But it's a far cry from that to retconing a clan out of existence altogether as part of a largely unnecessary cosmic reboot (since the same effect - starting the game fresh - can be achieved by a sufficient jump forward in the story).

Edited by Himoto

Legend of the Five Rings, as a brand, has a lot more power than the elements that make it up. That's the power of brands -- they have power separate from their constituent parts.

I'm not generally advocating clan removal, but I'd venture that many people have heard of L5R and would give it a shot at FFG who've never heard of, nor care about, any of the specific clans.

It's been around for 20 years. Pretty much everyone who plays LCGs probably knows someone who's played it some time in that lifespan.

*That's* why you buy the brand. Because all those people are your potential market not only for the CCG, but for an entire line of products.

Settings can be changed for the better. Games can be revised for the better. That doesn't change that they are the current incarnation of Legend of the Five Rings, and that has power above and beyond the specific incarnation.

Legend of the Five Rings, as a brand, has a lot more power than the elements that make it up. That's the power of brands -- they have power separate from their constituent parts.

I'm not generally advocating clan removal, but I'd venture that many people have heard of L5R and would give it a shot at FFG who've never heard of, nor care about, any of the specific clans.

It's been around for 20 years. Pretty much everyone who plays LCGs probably knows someone who's played it some time in that lifespan.

*That's* why you buy the brand. Because all those people are your potential market not only for the CCG, but for an entire line of products.

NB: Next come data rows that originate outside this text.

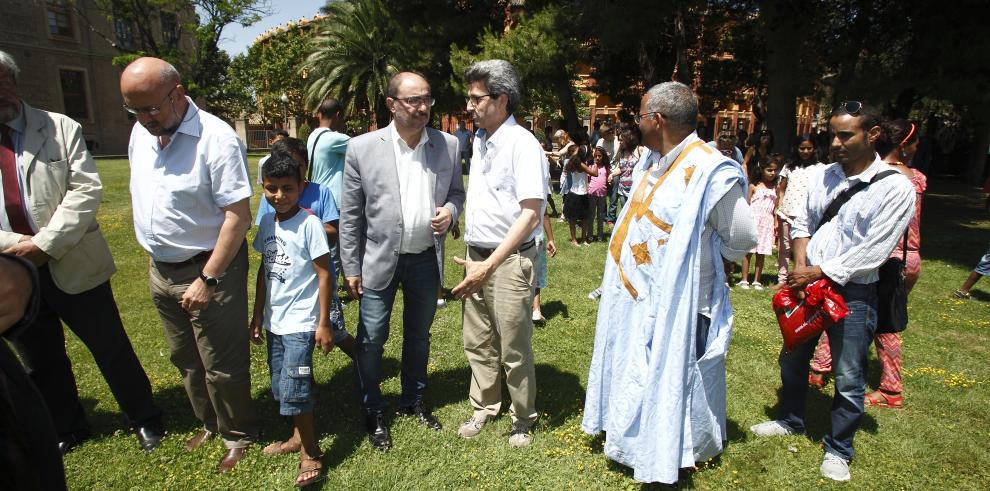 El Presidente de Aragón da la bienvenida a los niños saharauis que pasan en Aragón sus “Vacaciones en Paz”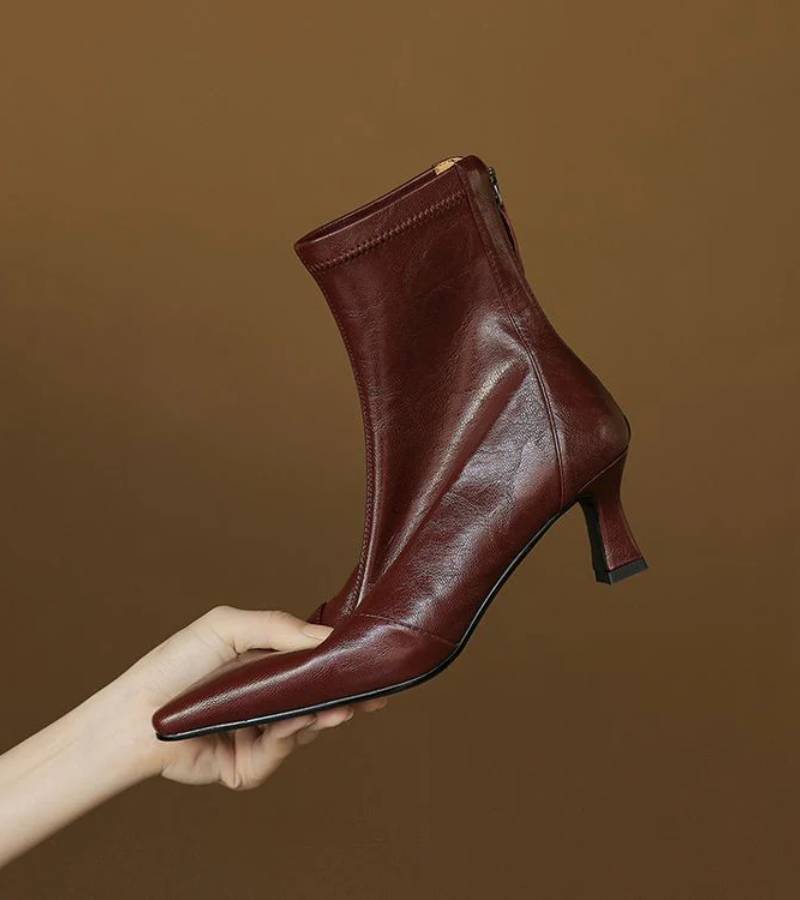 | Bottines en cuero a talon elegante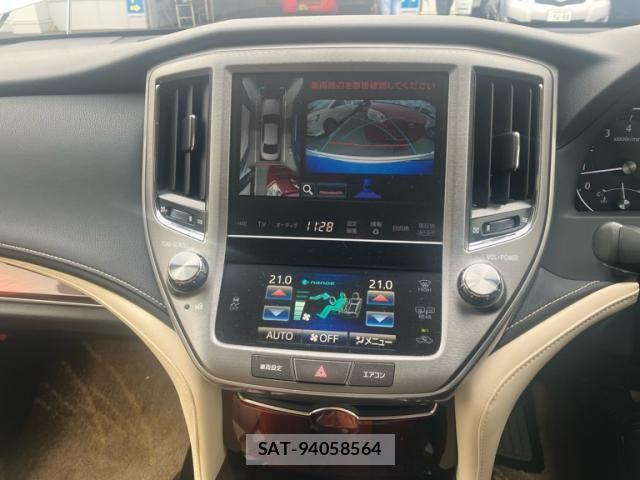 Toyota CROWN SEDAN 2014-04 8098656-21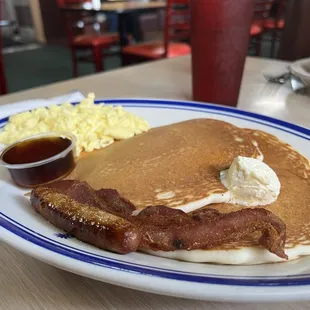 2 Eggs, 2 Pancakes, bacon, sausage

Settings can be changed for the better. Games can be revised for the better. That doesn't change that they are the current incarnation of Legend of the Five Rings, and that has power above and beyond the specific incarnation.

Exactly.

I'm one of those players. I've been involved with CCGs/LCGs since SWCCG in 95. I am aware of L5R but never got into it. I was aware of Netrunner, and that awareness lead to me picking up that game. If my finances were better last year, I might've picked up Doomtown when it was revived. My general awareness, combined with me becoming a big fan of FFG, is what has got my attention for the next few years.

And I hate to break it to some, but the fact that it will be a FFG game will almost be as big of a draw as it being L5R.

Oh, I have no doubt of that. FFG is a powerful brand in and of itself.

And, in that light, I question how much a damaged, dying brand really helps FFG if they intend to use the name only. Lots of people, you say, know someone who have played the game in that timeline? Possible. But that mean these people can tell them: "This game has nothing to do with the one I played. They gutted everything important about the setting." Brand recognition is about more than just a name.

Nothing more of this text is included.